Lalia tenía solo tres años, pero ya había asustado a todo el colegio. Cada vez que Lalia aparecía en clase tiraba todos los juguetes, descolocaba las sillas y tiraba todos los abrigos.
Cuando iba a casa alguna amiga o de alguno de sus primos, Lalia tiraba sus juguetes, rompía todo lo que podía y le cogía las pinturas para ensuciar su ropa y sus libros.
Todos los niños y las niñas huían cuando veían a Lalia. Nadie quería jugar con ella. Algunos incluso lloraban cuando la veían.
-Tienes que portarte bien, Lalia, sino no vas a tener nunca amigos -le decían sus padres, sus tíos y sus maestros.
Pero a Lalia le daba igual. A veces la castigaban, pero no le importaba. Lo mucho que le había gustado hacer la trastada que le había valido el castigo solía valer la pena. Y era así, día tras día, semana tras semana. Hasta que otra niña, Matilda, se cansó y decidió tomar medidas.
Todos los días mientras recogían para irse a casa, Lalia aprovechaba para pegar a alguien, tirar alguna cosa o esconder algo y así hacer rabiar a alguno de sus compañeros mientras la maestra estaba en la puerta entregando niños a sus padres. Como a Lalia la iban a buscar la última tenía tiempo de sobra para sus fechorías. Pero el día que Matilda actuó la cosas fueron bien distintas.
Matilda convenció a otra niña para que le ayudará a meter a Lalia en la casa de juguete que tenían en la clase. Entre otras dos la sujetaron a través de las ventanas para que no saliera. Otros cuatro niños se dedicaron a arrastrar sillas y mesas y ponerlas alrededor de la casa para que Lalia no pudiera salir.
La maestra, acostumbrada al ruido, ni se dio cuenta de lo que pasaba, mientras seguía entregando a los niños. Cuando llegó la madre de Lalia y la niña no aparecía es cuando se dio cuenta que salían voces de la casa.
Entre la madre y la maestra retiraron las mesas y las sillas. Y allí encontraron a la niña, llorando desconsolada.

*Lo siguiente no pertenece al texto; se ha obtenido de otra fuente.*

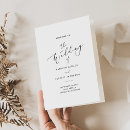 Suche nach hochzeitsprogramm Hochzeitszeremonie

Desde entonces Lalia no ha vuelto a meterse con los demás, porque ha aprendido la lección. Pero tampoco tiene amigos, porque nadie quiere estar con ella después de todas las maldades que ha hecho.
Ojalá Lalia no hubiera tenido que aprender por las malas lo importante que es respetar a los demás. Ojalá en vez de castigar y disciplinar pensáramos más en fomentar la convivencia y la colaboración. Tal vez las cosas serían distintas, para Lalia y para todos los niños que pegan y acosan a sus compañeros, para todos los que tienen que responder con violencia porque nadie interviene intentando poner un poco de paz.